§ **TASK ITEM**
The records below must be retyped exactly.

§ **SUPPLIED INFORMATION**

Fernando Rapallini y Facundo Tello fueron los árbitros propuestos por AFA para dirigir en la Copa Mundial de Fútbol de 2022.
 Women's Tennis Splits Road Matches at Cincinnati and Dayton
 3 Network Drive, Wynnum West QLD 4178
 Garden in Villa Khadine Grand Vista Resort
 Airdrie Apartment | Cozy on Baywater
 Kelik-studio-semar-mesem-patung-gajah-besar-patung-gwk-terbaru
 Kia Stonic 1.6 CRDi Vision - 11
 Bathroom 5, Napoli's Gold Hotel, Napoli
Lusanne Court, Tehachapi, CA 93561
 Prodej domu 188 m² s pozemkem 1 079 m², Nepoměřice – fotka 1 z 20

§ **TASK RESULT**
Fernando Rapallini y Facundo Tello fueron los árbitros propuestos por AFA para dirigir en la Copa Mundial de Fútbol de 2022.
 Women's Tennis Splits Road Matches at Cincinnati and Dayton
 3 Network Drive, Wynnum West QLD 4178
 Garden in Villa Khadine Grand Vista Resort
 Airdrie Apartment | Cozy on Baywater
 Kelik-studio-semar-mesem-patung-gajah-besar-patung-gwk-terbaru
 Kia Stonic 1.6 CRDi Vision - 11
 Bathroom 5, Napoli's Gold Hotel, Napoli
Lusanne Court, Tehachapi, CA 93561
 Prodej domu 188 m² s pozemkem 1 079 m², Nepoměřice – fotka 1 z 20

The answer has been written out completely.